The French President was the first European head of state to visit the new South Africa and the first outsider to address the new parliament. But this is no mere coincidence of diaries. France and South Africa are the two big powers in Africa now with South Africa poised to take a leading role in the rest of the continent, backed by its heavyweight army and President Nelson Mandela's moral authority. South Africa will certainly assume the leadership of English- speaking Africa, which has been all but abandoned by Britain.
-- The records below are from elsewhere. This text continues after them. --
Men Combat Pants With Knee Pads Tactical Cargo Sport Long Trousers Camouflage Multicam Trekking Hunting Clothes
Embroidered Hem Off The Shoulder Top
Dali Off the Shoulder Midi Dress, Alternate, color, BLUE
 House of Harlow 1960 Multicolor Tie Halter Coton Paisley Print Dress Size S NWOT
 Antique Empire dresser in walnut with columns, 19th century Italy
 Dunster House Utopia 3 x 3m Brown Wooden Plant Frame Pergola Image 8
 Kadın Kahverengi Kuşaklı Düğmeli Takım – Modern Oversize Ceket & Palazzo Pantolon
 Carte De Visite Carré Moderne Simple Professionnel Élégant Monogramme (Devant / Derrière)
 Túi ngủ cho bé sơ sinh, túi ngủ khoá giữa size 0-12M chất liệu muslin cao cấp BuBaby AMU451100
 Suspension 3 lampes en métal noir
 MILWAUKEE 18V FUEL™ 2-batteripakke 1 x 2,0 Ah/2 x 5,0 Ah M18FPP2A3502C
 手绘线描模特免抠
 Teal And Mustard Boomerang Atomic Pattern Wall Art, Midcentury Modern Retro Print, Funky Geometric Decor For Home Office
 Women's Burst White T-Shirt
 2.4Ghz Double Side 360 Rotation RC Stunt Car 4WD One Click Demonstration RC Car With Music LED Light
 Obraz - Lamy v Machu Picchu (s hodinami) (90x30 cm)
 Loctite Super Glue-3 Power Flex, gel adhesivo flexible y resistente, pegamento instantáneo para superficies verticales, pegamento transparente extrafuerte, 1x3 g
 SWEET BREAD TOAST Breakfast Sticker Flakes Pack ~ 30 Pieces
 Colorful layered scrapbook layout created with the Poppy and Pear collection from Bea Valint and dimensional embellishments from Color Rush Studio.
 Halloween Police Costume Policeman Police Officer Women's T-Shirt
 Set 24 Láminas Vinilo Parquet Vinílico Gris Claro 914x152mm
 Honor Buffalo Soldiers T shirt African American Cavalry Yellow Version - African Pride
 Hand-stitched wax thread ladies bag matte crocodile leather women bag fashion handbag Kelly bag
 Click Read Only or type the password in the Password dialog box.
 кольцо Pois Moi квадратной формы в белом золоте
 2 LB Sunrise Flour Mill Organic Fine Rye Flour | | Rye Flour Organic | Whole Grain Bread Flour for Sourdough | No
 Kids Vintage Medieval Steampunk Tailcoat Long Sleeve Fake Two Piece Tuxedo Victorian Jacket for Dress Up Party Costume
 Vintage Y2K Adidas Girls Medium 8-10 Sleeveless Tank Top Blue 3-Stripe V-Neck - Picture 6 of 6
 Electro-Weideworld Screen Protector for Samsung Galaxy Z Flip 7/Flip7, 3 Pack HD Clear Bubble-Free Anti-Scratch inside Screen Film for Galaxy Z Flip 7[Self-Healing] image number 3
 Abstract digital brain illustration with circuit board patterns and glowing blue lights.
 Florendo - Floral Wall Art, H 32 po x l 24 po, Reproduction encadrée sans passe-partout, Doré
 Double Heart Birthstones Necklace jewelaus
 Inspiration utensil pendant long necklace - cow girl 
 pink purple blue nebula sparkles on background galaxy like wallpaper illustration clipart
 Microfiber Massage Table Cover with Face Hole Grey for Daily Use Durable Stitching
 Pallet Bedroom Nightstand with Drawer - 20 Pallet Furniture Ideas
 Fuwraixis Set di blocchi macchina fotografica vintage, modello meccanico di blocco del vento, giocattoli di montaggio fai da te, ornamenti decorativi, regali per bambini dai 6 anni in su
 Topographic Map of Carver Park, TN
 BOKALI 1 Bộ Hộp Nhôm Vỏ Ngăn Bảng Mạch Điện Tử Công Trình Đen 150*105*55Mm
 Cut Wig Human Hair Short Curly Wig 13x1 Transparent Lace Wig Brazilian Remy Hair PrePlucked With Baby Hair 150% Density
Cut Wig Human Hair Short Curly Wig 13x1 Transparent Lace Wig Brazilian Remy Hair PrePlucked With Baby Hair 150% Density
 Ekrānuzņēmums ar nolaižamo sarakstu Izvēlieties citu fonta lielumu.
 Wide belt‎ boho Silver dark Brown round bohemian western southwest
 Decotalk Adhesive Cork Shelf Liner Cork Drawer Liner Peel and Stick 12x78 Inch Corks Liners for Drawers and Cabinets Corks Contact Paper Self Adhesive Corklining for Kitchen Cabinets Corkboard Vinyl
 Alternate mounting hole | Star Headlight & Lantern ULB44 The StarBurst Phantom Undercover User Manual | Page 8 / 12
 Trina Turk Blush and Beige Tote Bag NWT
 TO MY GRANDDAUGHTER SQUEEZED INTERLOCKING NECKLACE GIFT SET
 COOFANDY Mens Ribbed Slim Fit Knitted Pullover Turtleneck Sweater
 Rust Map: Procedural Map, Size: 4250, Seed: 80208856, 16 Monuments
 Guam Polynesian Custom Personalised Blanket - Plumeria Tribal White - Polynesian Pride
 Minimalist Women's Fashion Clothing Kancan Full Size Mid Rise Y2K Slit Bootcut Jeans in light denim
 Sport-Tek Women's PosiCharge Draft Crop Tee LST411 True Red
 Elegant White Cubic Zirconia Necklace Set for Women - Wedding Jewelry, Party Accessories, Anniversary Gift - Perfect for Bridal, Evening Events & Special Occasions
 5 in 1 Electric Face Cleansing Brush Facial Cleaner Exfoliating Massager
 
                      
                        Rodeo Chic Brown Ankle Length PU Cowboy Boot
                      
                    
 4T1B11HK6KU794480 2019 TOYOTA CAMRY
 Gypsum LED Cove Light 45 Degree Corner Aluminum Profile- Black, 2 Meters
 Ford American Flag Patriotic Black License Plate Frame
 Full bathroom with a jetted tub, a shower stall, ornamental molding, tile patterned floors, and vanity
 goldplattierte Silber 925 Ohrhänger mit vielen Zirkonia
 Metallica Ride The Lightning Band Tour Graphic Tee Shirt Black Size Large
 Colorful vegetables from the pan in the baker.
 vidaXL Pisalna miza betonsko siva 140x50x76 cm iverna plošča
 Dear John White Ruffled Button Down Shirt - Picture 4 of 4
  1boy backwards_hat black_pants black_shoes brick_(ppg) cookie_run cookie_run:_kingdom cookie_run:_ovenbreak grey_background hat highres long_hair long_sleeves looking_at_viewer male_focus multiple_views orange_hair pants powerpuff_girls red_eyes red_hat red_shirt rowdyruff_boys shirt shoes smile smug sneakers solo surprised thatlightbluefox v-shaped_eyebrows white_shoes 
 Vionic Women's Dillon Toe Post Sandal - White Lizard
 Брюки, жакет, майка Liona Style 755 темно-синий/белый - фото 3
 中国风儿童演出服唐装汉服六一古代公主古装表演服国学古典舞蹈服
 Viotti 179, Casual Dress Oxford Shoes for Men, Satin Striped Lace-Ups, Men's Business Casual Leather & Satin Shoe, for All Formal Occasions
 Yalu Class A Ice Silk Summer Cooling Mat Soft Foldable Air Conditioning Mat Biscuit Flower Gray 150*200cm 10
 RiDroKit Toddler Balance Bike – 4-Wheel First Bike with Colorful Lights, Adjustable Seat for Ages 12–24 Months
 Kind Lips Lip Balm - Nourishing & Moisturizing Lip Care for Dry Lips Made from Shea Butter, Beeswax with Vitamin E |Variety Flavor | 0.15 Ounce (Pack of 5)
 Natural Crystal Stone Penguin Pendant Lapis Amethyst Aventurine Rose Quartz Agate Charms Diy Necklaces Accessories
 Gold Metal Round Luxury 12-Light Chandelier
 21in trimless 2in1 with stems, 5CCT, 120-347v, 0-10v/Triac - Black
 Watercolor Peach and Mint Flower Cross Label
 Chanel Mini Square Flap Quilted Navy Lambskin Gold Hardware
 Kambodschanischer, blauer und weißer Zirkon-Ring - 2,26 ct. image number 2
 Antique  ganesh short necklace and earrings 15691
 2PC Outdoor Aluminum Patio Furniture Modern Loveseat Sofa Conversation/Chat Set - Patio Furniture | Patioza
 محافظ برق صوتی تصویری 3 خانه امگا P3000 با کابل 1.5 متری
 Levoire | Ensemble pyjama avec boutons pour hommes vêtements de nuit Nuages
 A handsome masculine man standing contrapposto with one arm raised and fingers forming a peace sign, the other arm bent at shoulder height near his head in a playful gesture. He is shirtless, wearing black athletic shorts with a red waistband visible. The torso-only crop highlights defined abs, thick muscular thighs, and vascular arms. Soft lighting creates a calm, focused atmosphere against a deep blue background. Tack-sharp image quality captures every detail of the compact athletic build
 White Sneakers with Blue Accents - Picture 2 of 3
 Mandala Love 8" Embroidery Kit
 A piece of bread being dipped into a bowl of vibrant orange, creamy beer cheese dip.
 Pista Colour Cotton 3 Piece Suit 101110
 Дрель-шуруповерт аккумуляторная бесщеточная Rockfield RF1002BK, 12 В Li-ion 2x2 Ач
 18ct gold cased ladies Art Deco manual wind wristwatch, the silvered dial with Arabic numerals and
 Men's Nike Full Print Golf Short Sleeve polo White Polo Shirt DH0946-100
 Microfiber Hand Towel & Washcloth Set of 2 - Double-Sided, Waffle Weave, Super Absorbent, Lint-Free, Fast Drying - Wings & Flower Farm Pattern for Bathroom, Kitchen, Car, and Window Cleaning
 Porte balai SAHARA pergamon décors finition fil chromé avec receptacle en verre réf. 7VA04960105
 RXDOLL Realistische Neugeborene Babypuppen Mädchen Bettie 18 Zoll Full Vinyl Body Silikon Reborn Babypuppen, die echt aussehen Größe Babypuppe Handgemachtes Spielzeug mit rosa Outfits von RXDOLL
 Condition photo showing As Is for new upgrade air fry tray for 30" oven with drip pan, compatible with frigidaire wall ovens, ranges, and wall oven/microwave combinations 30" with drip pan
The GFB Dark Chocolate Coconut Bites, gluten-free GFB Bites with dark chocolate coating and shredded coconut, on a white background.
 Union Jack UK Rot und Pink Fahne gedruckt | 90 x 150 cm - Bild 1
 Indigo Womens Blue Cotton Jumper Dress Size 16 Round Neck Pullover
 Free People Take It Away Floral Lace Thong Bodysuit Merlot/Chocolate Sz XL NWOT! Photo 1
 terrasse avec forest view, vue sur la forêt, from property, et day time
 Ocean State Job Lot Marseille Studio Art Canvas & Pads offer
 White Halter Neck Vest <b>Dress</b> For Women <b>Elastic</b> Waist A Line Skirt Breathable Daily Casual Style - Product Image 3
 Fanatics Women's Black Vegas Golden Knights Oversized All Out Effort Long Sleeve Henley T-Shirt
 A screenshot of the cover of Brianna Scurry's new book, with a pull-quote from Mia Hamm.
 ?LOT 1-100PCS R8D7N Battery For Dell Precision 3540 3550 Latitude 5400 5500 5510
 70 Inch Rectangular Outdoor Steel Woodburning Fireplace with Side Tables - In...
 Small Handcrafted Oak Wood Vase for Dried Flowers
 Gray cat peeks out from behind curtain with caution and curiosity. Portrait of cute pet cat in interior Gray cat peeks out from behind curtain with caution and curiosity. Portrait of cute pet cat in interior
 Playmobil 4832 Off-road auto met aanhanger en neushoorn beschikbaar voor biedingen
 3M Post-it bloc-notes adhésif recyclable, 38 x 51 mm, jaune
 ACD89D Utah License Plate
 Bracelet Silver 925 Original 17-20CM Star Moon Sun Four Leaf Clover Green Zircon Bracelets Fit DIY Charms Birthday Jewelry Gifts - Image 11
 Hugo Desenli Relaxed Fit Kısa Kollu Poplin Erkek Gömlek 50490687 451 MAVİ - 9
France, in contrast, maintains strong links with its former colonies and is prepared to send troops to defend its interests and its image in Africa.

Britain's declining influence was not only emphasised by President Mitterrand's 'first' but also by the news that President Mandela has turned down an invitation to attend the Westminster Abbey celebration to mark the return of South Africa to the Commonwealth on 20 July. South Africa will be represented by Thabo Mbeki, a Deputy President. While Michael Heseltine, the President of the Board of Trade, is visiting South Africa on 10 July, John Major is not expected to visit South Africa until later this year.

The nuts and bolts of President Mitterrand's visit will be a French aid package, trade and investment and an opportunity for the French President to bask in the reflected glory of Mr Mandela. Despite sanctions, France is the fifth-largest investor in South Africa and is hoping to use South Africa as an investment springboard for the rest of Africa as well as increase trade, including arms sales, to South Africa itself. Although there are few French-speakers in South Africa, Paris has issued an invitation to South Africa to attend the Francophone summit in Biarritz later this year.

But the relationship goes further than trade and television images. It opens up the possibility of political co-operation in the rest of Africa in areas such as peace-keeping and armed peace-making in places like Rwanda. Although the new South African government is making its own domestic problems a top priority, it will inevitably get sucked into the continent's conflicts.

Against this background and President Mandela's 'bury the past' policy, the irony of the Mirages, sold to South Africa after the 1963 United Nations arms embargo and maintained under licence, is being overlooked.